━━ EXERCISE INPUT

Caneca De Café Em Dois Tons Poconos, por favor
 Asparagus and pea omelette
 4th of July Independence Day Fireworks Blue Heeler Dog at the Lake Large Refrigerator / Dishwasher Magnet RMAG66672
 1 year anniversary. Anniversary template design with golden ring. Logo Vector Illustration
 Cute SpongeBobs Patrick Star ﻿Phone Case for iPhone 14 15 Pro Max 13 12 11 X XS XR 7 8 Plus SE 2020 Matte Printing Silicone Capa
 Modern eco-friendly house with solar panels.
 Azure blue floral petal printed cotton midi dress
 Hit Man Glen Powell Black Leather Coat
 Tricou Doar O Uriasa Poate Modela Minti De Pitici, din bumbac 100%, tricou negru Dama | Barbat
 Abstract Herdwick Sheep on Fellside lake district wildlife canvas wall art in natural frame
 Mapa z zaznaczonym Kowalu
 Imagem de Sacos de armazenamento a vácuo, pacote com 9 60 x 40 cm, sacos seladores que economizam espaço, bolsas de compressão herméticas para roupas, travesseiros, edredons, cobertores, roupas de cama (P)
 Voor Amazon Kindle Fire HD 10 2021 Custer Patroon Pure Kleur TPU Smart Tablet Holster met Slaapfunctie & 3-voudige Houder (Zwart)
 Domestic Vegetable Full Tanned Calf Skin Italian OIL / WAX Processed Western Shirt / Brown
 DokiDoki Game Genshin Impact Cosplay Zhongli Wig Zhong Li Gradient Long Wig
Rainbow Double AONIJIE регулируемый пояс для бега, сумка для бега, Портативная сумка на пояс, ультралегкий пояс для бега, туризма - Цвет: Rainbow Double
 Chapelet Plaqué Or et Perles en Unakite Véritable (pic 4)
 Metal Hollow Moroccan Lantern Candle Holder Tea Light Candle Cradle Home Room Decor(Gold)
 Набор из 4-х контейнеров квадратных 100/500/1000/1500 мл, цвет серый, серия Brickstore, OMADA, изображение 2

━━━━

• **YOUR GOAL**
Return only the lines between the one holding "Abstract Herdwick Sheep" and the one holding "Metal Hollow Moroccan", inclusive, exactly as they appear above.

• **RESPONSE**
 Abstract Herdwick Sheep on Fellside lake district wildlife canvas wall art in natural frame
 Mapa z zaznaczonym Kowalu
 Imagem de Sacos de armazenamento a vácuo, pacote com 9 60 x 40 cm, sacos seladores que economizam espaço, bolsas de compressão herméticas para roupas, travesseiros, edredons, cobertores, roupas de cama (P)
 Voor Amazon Kindle Fire HD 10 2021 Custer Patroon Pure Kleur TPU Smart Tablet Holster met Slaapfunctie & 3-voudige Houder (Zwart)
 Domestic Vegetable Full Tanned Calf Skin Italian OIL / WAX Processed Western Shirt / Brown
 DokiDoki Game Genshin Impact Cosplay Zhongli Wig Zhong Li Gradient Long Wig
Rainbow Double AONIJIE регулируемый пояс для бега, сумка для бега, Портативная сумка на пояс, ультралегкий пояс для бега, туризма - Цвет: Rainbow Double
 Chapelet Plaqué Or et Perles en Unakite Véritable (pic 4)
 Metal Hollow Moroccan Lantern Candle Holder Tea Light Candle Cradle Home Room Decor(Gold)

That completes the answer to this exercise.